Prenons l’exemple de la guerre la plus célèbre de l’Antiquité : la Guerre de Troie. Telle que décrite dans l'épopée d'Homère, "L'Iliade", est en partie déclenchée par l'enlèvement d'Hélène, la reine de Sparte, par Pâris, le prince de Troie. Pâris et Hélène étaient amoureux, ce qui conduisit à une série d'événements qui ont finalement déclenché la guerre entre les Achéens et les Troyens. Si Pâris et Hélène avaient respecté leurs devoirs respectifs, comme le leur conseillait Hector, guerrier légendaire et frère aîné de Pâris, des milliers de vies auraient été épargnées, l’Histoire et la face du monde seraient différentes !
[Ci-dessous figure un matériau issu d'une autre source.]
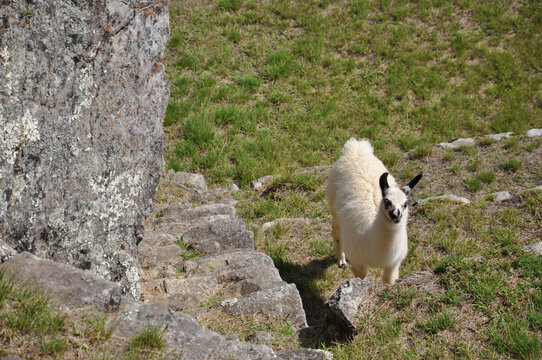 Cute llamas that live on the grounds of the ancient Incan city of Machu Picchu in Peru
Ainsi, le cœur et l’amour sont un levier puissant du réel, irrationnel et qui pour cette raison inspire depuis tout temps la littérature et la poésie.

2. Je t’aime un peu, beaucoup… à l’infini…

Pascal est célèbre pour sa notion de "l'infini" et de "l'amour infini". Dans ses Pensées, il soutient que l'homme est à la fois un être fini et un être aspirant à l'infini. En effet, nous mesurons notre finitude au fait que nous sommes à peine des grains de sables dans l’univers. Nous naissons et nous mourrons. Nous connaissons le manque, la perte, l’incapacité, le handicap, la faiblesse, la fatigue et, finalement, la passion par quoi jamais nous ne fonctionnerons aussi bien qu’une machine.

Or selon Pascal, notre désir d'amour est une manifestation de notre quête de l'infini, de notre désir profond de dépasser notre condition d’êtres finis. L’amour vient d’un désir insatiable pour l’infini, qui ne peut être comblé par des biens matériels ou des satisfactions éphémères. Dans cette perspective, l'amour humain, bien que limité dans sa forme terrestre, bien plus qu’un triste processus physiologique dans le cerveau, reflète en réalité notre aspiration au divin, à l’éternel et à l’infini.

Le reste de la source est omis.